(Beginning of Data section)

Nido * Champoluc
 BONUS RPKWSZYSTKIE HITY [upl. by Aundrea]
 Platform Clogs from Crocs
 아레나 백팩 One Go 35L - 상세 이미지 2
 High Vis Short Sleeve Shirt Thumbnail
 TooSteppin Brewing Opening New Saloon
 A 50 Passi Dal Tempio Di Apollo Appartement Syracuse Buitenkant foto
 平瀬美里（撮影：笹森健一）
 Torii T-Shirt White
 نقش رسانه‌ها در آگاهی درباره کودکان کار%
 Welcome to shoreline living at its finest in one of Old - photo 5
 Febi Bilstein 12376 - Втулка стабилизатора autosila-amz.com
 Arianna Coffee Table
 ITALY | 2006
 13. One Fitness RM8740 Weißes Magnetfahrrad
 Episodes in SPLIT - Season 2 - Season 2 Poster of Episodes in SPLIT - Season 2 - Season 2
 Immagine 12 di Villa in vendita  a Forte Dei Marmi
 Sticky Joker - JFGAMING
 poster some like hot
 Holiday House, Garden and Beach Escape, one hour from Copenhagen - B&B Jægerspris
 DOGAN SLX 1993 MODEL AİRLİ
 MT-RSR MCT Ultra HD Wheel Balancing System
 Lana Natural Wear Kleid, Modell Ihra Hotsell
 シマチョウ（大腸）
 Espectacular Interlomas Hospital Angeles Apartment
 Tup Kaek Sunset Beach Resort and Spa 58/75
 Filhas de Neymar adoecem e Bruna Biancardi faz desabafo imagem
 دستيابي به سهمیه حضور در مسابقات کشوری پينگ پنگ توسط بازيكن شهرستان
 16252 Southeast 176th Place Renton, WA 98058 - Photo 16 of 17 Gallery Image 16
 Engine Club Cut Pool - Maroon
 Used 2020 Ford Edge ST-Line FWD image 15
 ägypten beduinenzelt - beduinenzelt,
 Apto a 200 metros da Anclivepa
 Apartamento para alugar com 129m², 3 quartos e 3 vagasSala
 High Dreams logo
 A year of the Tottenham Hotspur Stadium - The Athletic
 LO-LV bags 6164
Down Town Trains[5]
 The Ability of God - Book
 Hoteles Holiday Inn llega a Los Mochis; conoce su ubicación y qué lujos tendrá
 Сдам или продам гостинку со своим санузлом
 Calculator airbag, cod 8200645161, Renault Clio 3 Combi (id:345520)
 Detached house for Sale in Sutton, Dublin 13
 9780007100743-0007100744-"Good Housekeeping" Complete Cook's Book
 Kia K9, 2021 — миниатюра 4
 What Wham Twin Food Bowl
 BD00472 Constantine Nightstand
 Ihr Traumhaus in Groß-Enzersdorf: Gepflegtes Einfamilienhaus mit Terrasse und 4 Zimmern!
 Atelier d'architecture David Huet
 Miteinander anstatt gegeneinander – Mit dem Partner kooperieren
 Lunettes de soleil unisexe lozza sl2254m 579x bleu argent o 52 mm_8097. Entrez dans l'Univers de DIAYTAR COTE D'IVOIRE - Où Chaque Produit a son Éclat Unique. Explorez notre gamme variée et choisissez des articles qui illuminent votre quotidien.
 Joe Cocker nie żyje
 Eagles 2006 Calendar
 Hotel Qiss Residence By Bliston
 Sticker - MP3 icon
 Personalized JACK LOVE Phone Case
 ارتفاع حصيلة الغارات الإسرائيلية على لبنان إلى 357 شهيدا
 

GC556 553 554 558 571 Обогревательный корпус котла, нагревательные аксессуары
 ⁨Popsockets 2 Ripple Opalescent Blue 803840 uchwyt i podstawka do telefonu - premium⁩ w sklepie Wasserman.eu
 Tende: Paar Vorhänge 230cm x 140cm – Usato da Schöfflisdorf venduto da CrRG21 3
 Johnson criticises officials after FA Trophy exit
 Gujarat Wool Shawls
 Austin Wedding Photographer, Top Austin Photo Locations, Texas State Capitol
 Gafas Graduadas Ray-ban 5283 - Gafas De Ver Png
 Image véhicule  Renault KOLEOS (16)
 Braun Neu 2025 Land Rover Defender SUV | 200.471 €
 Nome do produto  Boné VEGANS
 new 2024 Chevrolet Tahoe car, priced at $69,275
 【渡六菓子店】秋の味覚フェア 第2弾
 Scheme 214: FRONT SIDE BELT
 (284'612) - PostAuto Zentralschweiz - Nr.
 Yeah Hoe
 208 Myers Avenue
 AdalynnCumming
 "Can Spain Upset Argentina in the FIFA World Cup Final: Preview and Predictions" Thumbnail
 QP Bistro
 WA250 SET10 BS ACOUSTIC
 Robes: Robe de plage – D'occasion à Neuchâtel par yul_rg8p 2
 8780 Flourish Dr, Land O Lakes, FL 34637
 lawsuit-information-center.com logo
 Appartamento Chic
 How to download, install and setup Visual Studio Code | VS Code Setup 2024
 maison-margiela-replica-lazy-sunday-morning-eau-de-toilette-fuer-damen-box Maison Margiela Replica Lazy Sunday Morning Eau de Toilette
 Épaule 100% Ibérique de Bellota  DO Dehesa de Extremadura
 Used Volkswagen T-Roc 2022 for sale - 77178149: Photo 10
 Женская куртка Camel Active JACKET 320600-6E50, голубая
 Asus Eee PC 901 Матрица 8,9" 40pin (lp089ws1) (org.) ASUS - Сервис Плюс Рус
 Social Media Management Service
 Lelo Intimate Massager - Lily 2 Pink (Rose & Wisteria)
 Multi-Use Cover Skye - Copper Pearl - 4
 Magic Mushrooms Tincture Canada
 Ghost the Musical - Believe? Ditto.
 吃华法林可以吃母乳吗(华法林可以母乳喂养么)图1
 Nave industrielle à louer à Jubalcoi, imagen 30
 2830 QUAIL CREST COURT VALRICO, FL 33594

(End of Data section)

■ Work request ■
Restate every record verbatim.

■ Answer space ■
Nido * Champoluc
 BONUS RPKWSZYSTKIE HITY [upl. by Aundrea]
 Platform Clogs from Crocs
 아레나 백팩 One Go 35L - 상세 이미지 2
 High Vis Short Sleeve Shirt Thumbnail
 TooSteppin Brewing Opening New Saloon
 A 50 Passi Dal Tempio Di Apollo Appartement Syracuse Buitenkant foto
 平瀬美里（撮影：笹森健一）
 Torii T-Shirt White
 نقش رسانه‌ها در آگاهی درباره کودکان کار%
 Welcome to shoreline living at its finest in one of Old - photo 5
 Febi Bilstein 12376 - Втулка стабилизатора autosila-amz.com
 Arianna Coffee Table
 ITALY | 2006
 13. One Fitness RM8740 Weißes Magnetfahrrad
 Episodes in SPLIT - Season 2 - Season 2 Poster of Episodes in SPLIT - Season 2 - Season 2
 Immagine 12 di Villa in vendita  a Forte Dei Marmi
 Sticky Joker - JFGAMING
 poster some like hot
 Holiday House, Garden and Beach Escape, one hour from Copenhagen - B&B Jægerspris
 DOGAN SLX 1993 MODEL AİRLİ
 MT-RSR MCT Ultra HD Wheel Balancing System
 Lana Natural Wear Kleid, Modell Ihra Hotsell
 シマチョウ（大腸）
 Espectacular Interlomas Hospital Angeles Apartment
 Tup Kaek Sunset Beach Resort and Spa 58/75
 Filhas de Neymar adoecem e Bruna Biancardi faz desabafo imagem
 دستيابي به سهمیه حضور در مسابقات کشوری پينگ پنگ توسط بازيكن شهرستان
 16252 Southeast 176th Place Renton, WA 98058 - Photo 16 of 17 Gallery Image 16
 Engine Club Cut Pool - Maroon
 Used 2020 Ford Edge ST-Line FWD image 15
 ägypten beduinenzelt - beduinenzelt,
 Apto a 200 metros da Anclivepa
 Apartamento para alugar com 129m², 3 quartos e 3 vagasSala
 High Dreams logo
 A year of the Tottenham Hotspur Stadium - The Athletic
 LO-LV bags 6164
Down Town Trains[5]
 The Ability of God - Book
 Hoteles Holiday Inn llega a Los Mochis; conoce su ubicación y qué lujos tendrá
 Сдам или продам гостинку со своим санузлом
 Calculator airbag, cod 8200645161, Renault Clio 3 Combi (id:345520)
 Detached house for Sale in Sutton, Dublin 13
 9780007100743-0007100744-"Good Housekeeping" Complete Cook's Book
 Kia K9, 2021 — миниатюра 4
 What Wham Twin Food Bowl
 BD00472 Constantine Nightstand
 Ihr Traumhaus in Groß-Enzersdorf: Gepflegtes Einfamilienhaus mit Terrasse und 4 Zimmern!
 Atelier d'architecture David Huet
 Miteinander anstatt gegeneinander – Mit dem Partner kooperieren
 Lunettes de soleil unisexe lozza sl2254m 579x bleu argent o 52 mm_8097. Entrez dans l'Univers de DIAYTAR COTE D'IVOIRE - Où Chaque Produit a son Éclat Unique. Explorez notre gamme variée et choisissez des articles qui illuminent votre quotidien.
 Joe Cocker nie żyje
 Eagles 2006 Calendar
 Hotel Qiss Residence By Bliston
 Sticker - MP3 icon
 Personalized JACK LOVE Phone Case
 ارتفاع حصيلة الغارات الإسرائيلية على لبنان إلى 357 شهيدا
 

GC556 553 554 558 571 Обогревательный корпус котла, нагревательные аксессуары
 ⁨Popsockets 2 Ripple Opalescent Blue 803840 uchwyt i podstawka do telefonu - premium⁩ w sklepie Wasserman.eu
 Tende: Paar Vorhänge 230cm x 140cm – Usato da Schöfflisdorf venduto da CrRG21 3
 Johnson criticises officials after FA Trophy exit
 Gujarat Wool Shawls
 Austin Wedding Photographer, Top Austin Photo Locations, Texas State Capitol
 Gafas Graduadas Ray-ban 5283 - Gafas De Ver Png
 Image véhicule  Renault KOLEOS (16)
 Braun Neu 2025 Land Rover Defender SUV | 200.471 €
 Nome do produto  Boné VEGANS
 new 2024 Chevrolet Tahoe car, priced at $69,275
 【渡六菓子店】秋の味覚フェア 第2弾
 Scheme 214: FRONT SIDE BELT
 (284'612) - PostAuto Zentralschweiz - Nr.
 Yeah Hoe
 208 Myers Avenue
 AdalynnCumming
 "Can Spain Upset Argentina in the FIFA World Cup Final: Preview and Predictions" Thumbnail
 QP Bistro
 WA250 SET10 BS ACOUSTIC
 Robes: Robe de plage – D'occasion à Neuchâtel par yul_rg8p 2
 8780 Flourish Dr, Land O Lakes, FL 34637
 lawsuit-information-center.com logo
 Appartamento Chic
 How to download, install and setup Visual Studio Code | VS Code Setup 2024
 maison-margiela-replica-lazy-sunday-morning-eau-de-toilette-fuer-damen-box Maison Margiela Replica Lazy Sunday Morning Eau de Toilette
 Épaule 100% Ibérique de Bellota  DO Dehesa de Extremadura
 Used Volkswagen T-Roc 2022 for sale - 77178149: Photo 10
 Женская куртка Camel Active JACKET 320600-6E50, голубая
 Asus Eee PC 901 Матрица 8,9" 40pin (lp089ws1) (org.) ASUS - Сервис Плюс Рус
 Social Media Management Service
 Lelo Intimate Massager - Lily 2 Pink (Rose & Wisteria)
 Multi-Use Cover Skye - Copper Pearl - 4
 Magic Mushrooms Tincture Canada
 Ghost the Musical - Believe? Ditto.
 吃华法林可以吃母乳吗(华法林可以母乳喂养么)图1
 Nave industrielle à louer à Jubalcoi, imagen 30
 2830 QUAIL CREST COURT VALRICO, FL 33594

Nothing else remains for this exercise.